I was in the shower this morning, listening to GlassWorks and trying to remember an old Knock Knock Joke I’d heard about Philip Glass. I knew it played off his repetitive musical structure, but I couldn’t remember exactly which part of the joke repeated – and I kept getting it confused with the “orange-cha glad I didn’t say ‘banana’” punchline. It occurred to me that I could probably finish my shower, hop down to my office, type in Philip Glass Knock Knock Joke and get exactly the information I was looking for.
And for some reason, this realization made me a little depressed.
Not remembering the Philip Glass Knock Knock Joke is frustrating, yes, but it gives me the opportunity to suss out which of my friends know such silly nonsense. There’s a whole world of arcana that bonds me to people, it’s like Cultural Literacy Glue.
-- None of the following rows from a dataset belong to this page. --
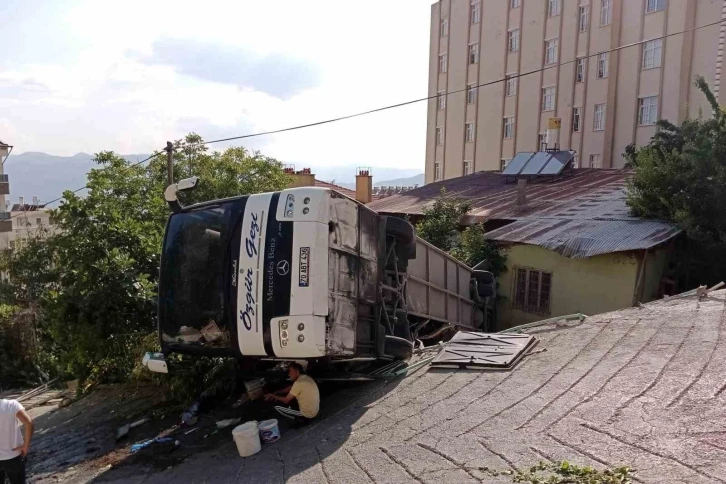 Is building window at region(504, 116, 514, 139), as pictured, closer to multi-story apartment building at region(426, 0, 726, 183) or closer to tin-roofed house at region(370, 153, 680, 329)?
multi-story apartment building at region(426, 0, 726, 183)

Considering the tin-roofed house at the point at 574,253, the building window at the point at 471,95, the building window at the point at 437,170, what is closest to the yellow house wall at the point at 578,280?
the tin-roofed house at the point at 574,253

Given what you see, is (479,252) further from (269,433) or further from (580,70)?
(580,70)

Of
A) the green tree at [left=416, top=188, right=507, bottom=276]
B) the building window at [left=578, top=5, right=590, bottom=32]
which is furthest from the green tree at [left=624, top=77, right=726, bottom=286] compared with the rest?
the building window at [left=578, top=5, right=590, bottom=32]

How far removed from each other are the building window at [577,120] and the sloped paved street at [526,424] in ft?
88.8

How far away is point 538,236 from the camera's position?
13.7m

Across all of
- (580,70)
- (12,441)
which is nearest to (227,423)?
(12,441)

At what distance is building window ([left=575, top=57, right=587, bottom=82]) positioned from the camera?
3170 cm

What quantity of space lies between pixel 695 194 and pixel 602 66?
2103 cm

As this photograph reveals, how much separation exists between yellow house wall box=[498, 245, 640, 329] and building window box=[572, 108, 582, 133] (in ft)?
69.0

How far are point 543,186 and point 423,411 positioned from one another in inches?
660

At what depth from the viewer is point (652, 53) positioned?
2862 centimetres

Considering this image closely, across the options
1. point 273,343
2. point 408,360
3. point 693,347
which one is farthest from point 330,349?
point 693,347

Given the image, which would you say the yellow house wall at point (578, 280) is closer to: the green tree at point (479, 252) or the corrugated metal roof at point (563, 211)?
the green tree at point (479, 252)

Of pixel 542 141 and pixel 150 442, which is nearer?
pixel 150 442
Someone who knows and gets that Philip Glass Knock Knock Joke is a kindred spirit in some small way. It may be someone I play tennis with, or someone at my kid’s bus stop, but now I won’t ever find out because my question will already be answered before I even leave the house.
We all have our little repertoire of phrases that somehow communicate about a hundred times more than the words that they’re comprised of. They reference a time and an experience – presumably a shared experience – and bond us together, like secret passwords. But having that information so accessible on our phones and through our keyboards, it’s almost like it’s not our little secret anymore.
Does anyone understand what I’m talking about?